The next sequel, Halloween: The Curse of Michael Myers (1995), introduced the highly controversial twist that Michael has actually been under the control of an ancient cult; he had a curse placed on him compelling him to murder all surviving members of his family. This again makes the previous films far less interesting. Now, when we rewatch the original masterpiece, we do so with the knowledge that Michael is actually just a poor sucker who is trying to kill a specific person because a cult is making him. What's so scary about that?
Halloween H20: 20 Years Later subsequently became the second film in the series to ignore previous movies despite the fact that The Curse of Michael Myers actually left things open-ended. Just three years after the cult nonsense was revealed, H20 got rid of it, and in this movie, nothing after Halloween II took place. The film becomes an opportunity for Laurie, played by a returning Jamie Lee Curtis, to finally go out in a blaze of glory, unburdened by all this messy continuity, and it ends with the most conclusive finale possible: Laurie beheads Michael Myers right before our eyes. The film is ultimately quite satisfying in part because it retroactively makes Halloween into an effective trilogy and gives Laurie a full arc as opposed to having her die at a young age offscreen. Now, we can assume that it's all over. Finally. Once and for all.

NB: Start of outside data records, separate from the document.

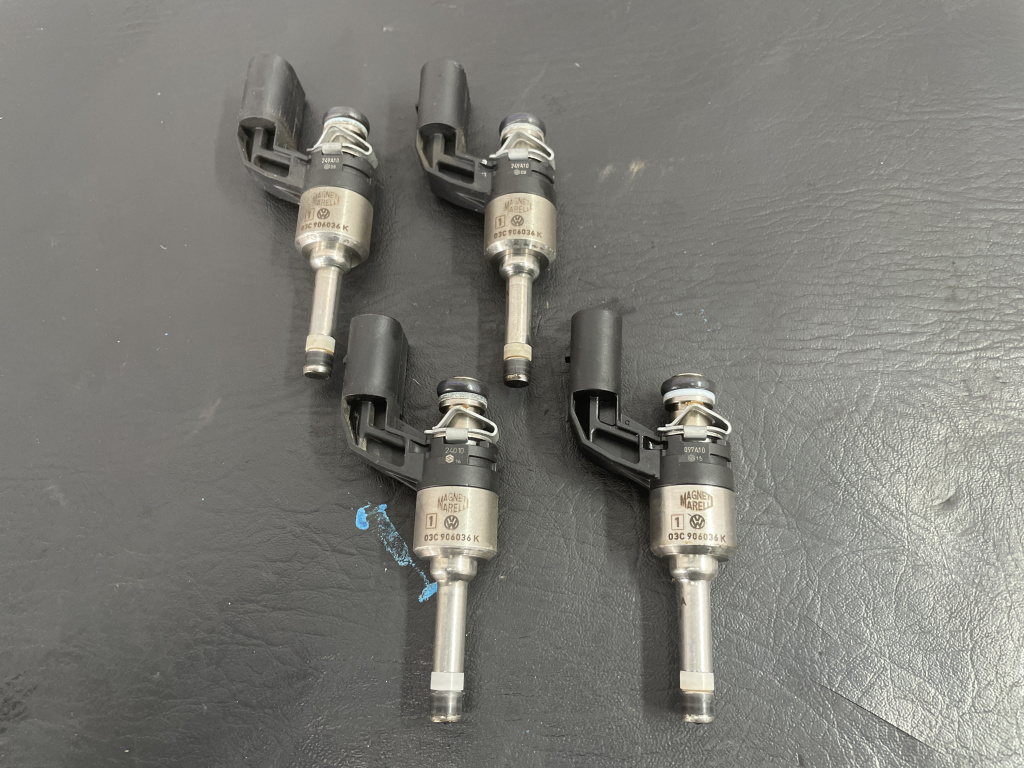 Injector VW Passat B7 Limuzina 1.4 TSI multifuel sedan 2011 (03C906036K)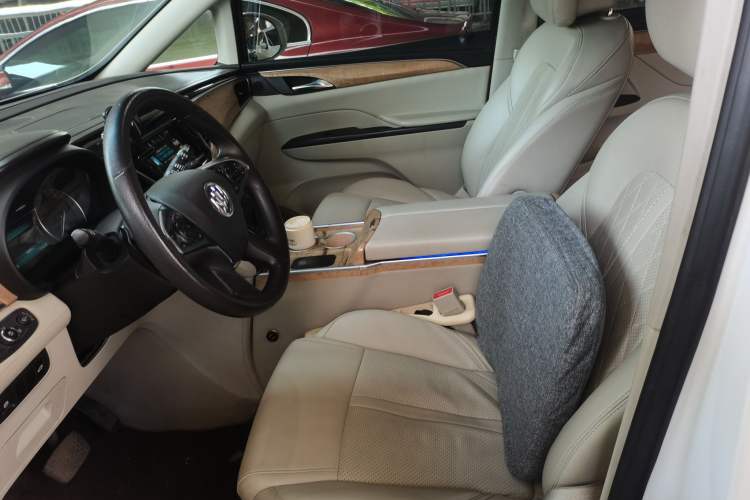 Used Buick GL8 2018 ES 28T Comfort Model China VI Standard Left Front Seat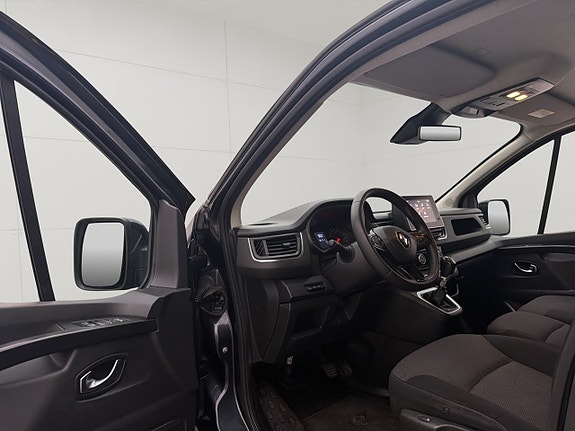 Renault Trafic 13 of 30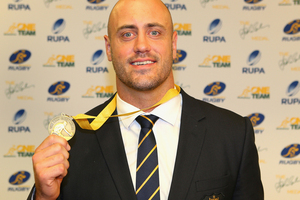 Wallabies captain Nathan Sharpe with the John Eales Medal. Photo / Getty Images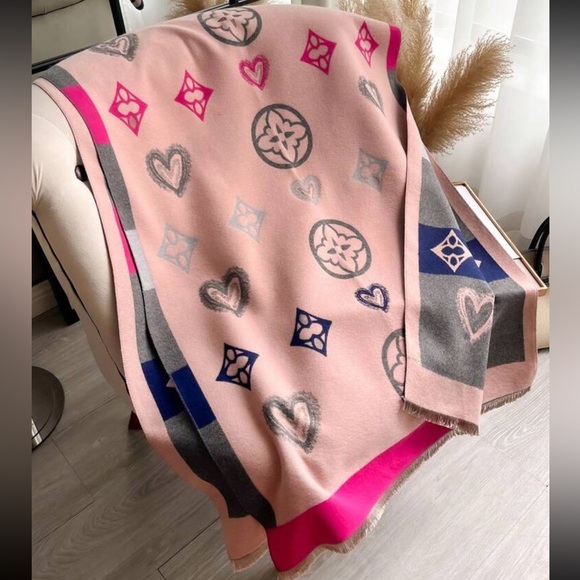 Luxe Comfy Alphabets Abstract Heart Print Wrap Scarf Shawl Black - Picture 4 of 9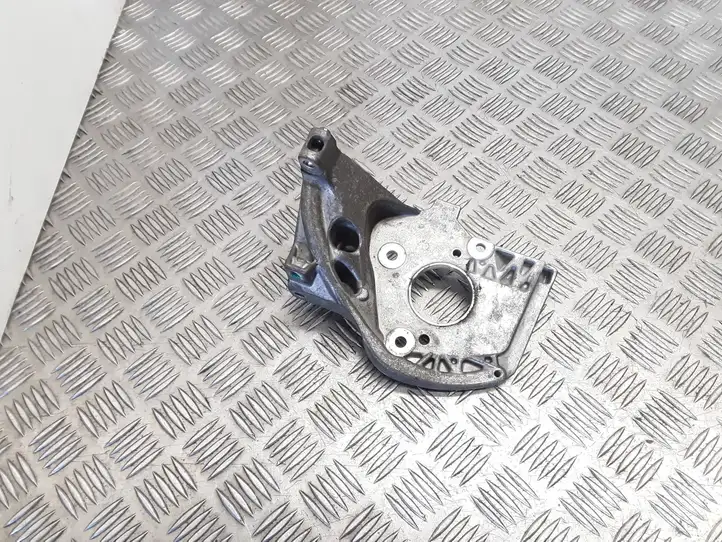 Ford Focus (2015 - 2019) C4005042SE Кронштейн топливного насоса — фото 2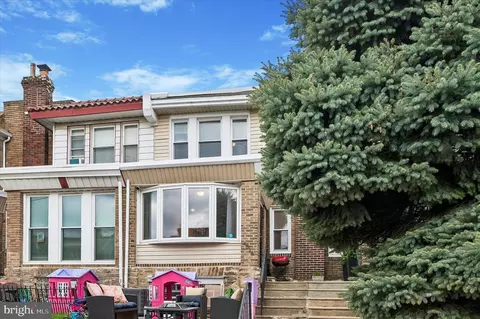 6518 N Bouvier St, Philadelphia, PA 19126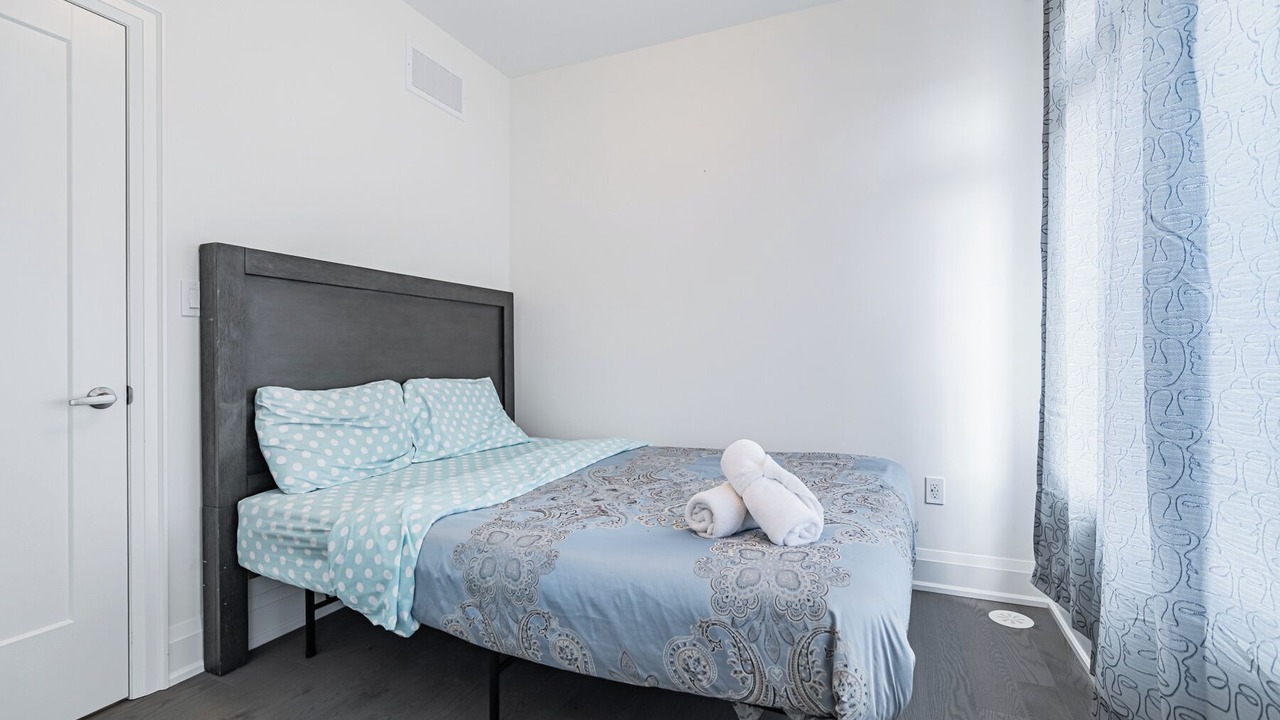 Photo of Bedroom in Oakville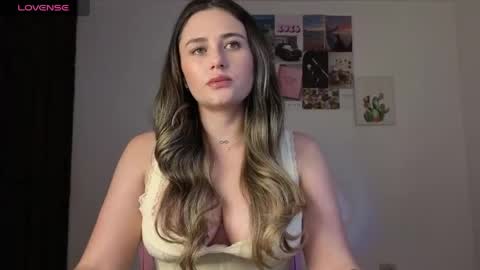 Snapshot of veronika__winslow_ chatting on May 2026 05:14:01 AM Vero online show from May 2026 05:14:01 AM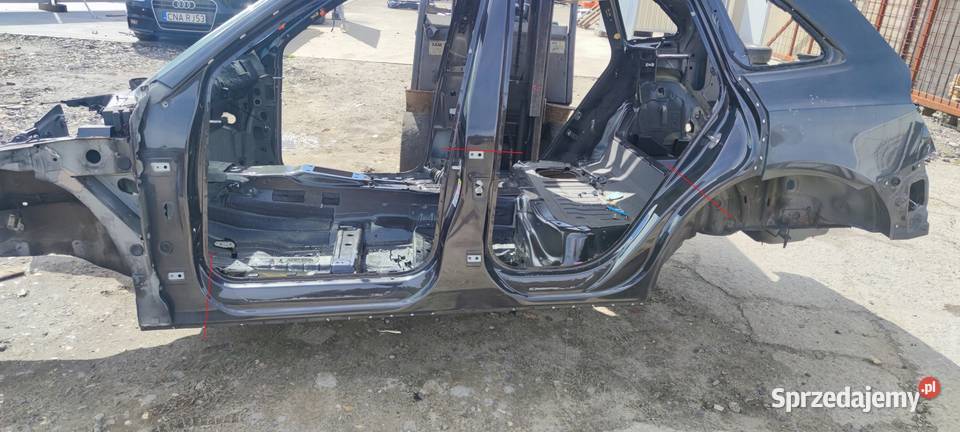 ĆWIARTKA PRÓG BOK LEWA STRONA AUDI Q5 8R LZ7L Przystajń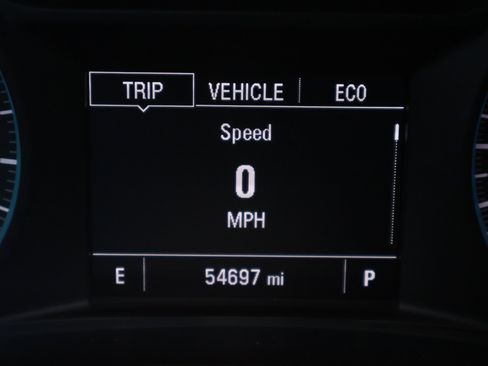 Used 2018 Chevrolet Equinox LS FWD image 3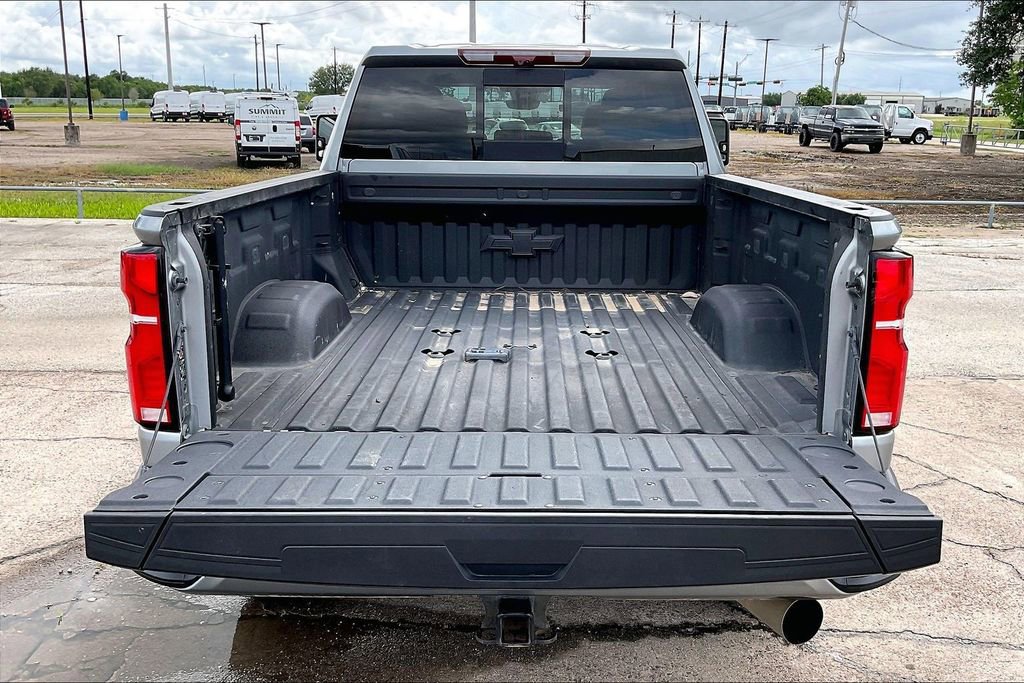 Used 2025 Chevrolet Silverado 2500 High Country w/ High Country Premium Package AWD/4WD image 37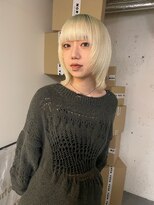 ノラ シブヤ(NORA)&nbsp;ミディアムウルフ/フェイスレイヤー/ハイトーンカラー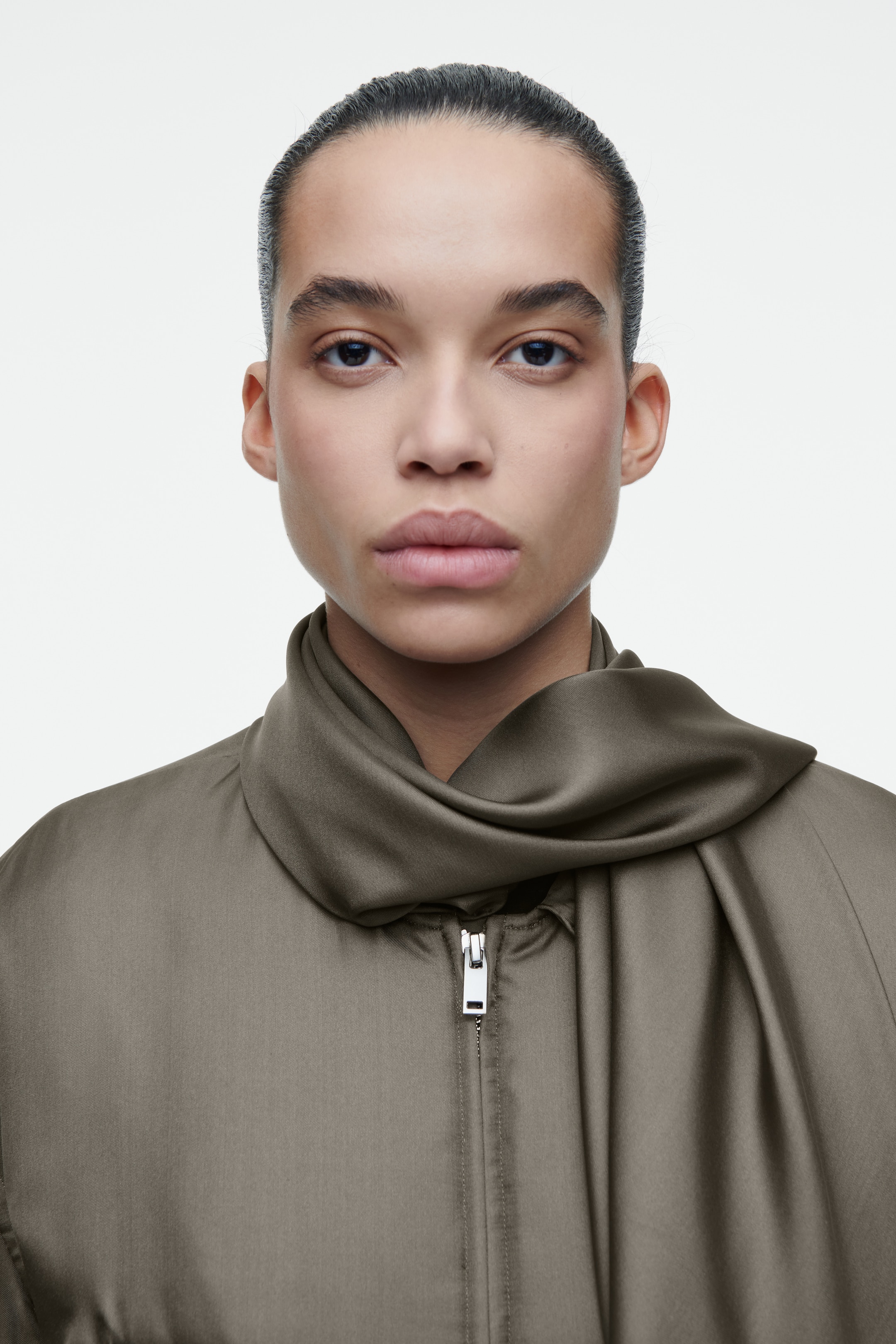 Nagyobb kép megtekintése: SÁLDÍSZES BÉLELT SELYEM BOMBER DZSEKI - BRONZ - NŐI | H&M HU 2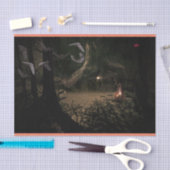 Het meisje in de ontkoppeling van bossen tissuepapier (Craft)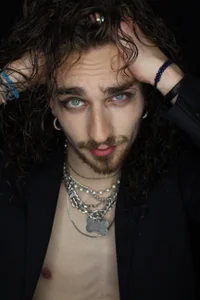 _Sebastiann Public slika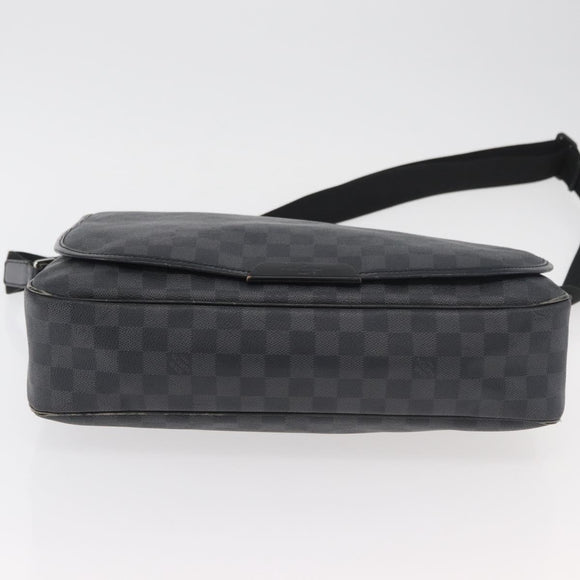 LOUIS VUITTON Damier Graphite Daniel GM Shoulder Bag N58033 LV Auth 176159
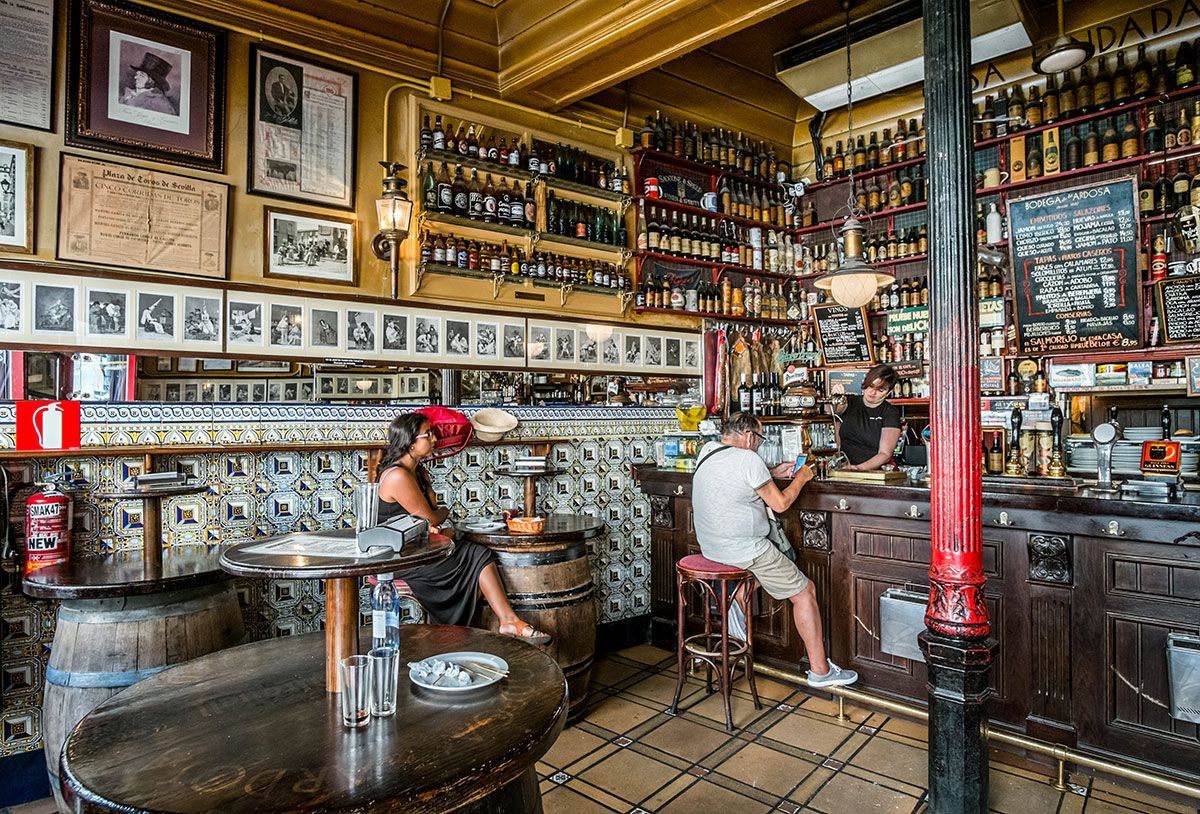 Bar La Ardosa, una antigua bodega reconvertida en cervecería que es uno de los bares emblemáticos de Madrid / Fotos: Javier Sánchez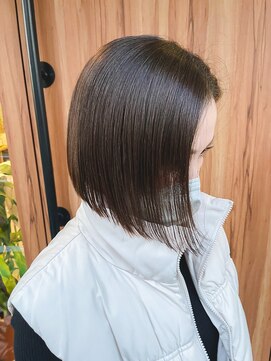 エルナ(ELNA) ぱつんと大人ミニボブ×オリーブベージュ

Except, no. In one of the lamest cop-outs in film history, Halloween: Resurrection (2002) tells us that it wasn't even actually Michael who Laurie beheaded. Instead, it was an innocent paramedic who Michael had swapped places with. The filmmakers must have felt they were so clever pulling off this reversal, but this ruins Halloween H20, turning Laurie's triumph into cold-blooded murder and making H20's final act impossible to rewatch with the same victorious feeling ever again. Resurrection also killed Laurie off almost immediately. So we have a repeat of Halloween 4 on our hands here: One movie seems to definitively kill Michael and give Laurie Strode a much-needed way out, only for the next film to weasel out of this promise to the audience and quickly kill Laurie off. Even though Resurrection ended on a cliffhanger, no one dared directly follow that catastrophe, and the next film would end up being a remake in 2007.
Of course, cheap reversals of what came before have been a problem to some degree with most slasher franchises; just take a look at the fact that the movie in the Friday the 13th series called The Final Chapter was literally followed by eight more films. But when it comes to constantly doubling back on what happened previously and revealing new information that makes some or all of the last film seem like a waste of time, there's absolutely no worse offender than Halloween.
With the new franchise, which is being released in a day and age when audiences care a lot more about consistent continuity than they did decades ago, let's just hope there's at least some planning for the future happening behind the scenes at Blumhouse. If not, don't be surprised to see yet another continuity reset on the horizon — and plenty of angry fans.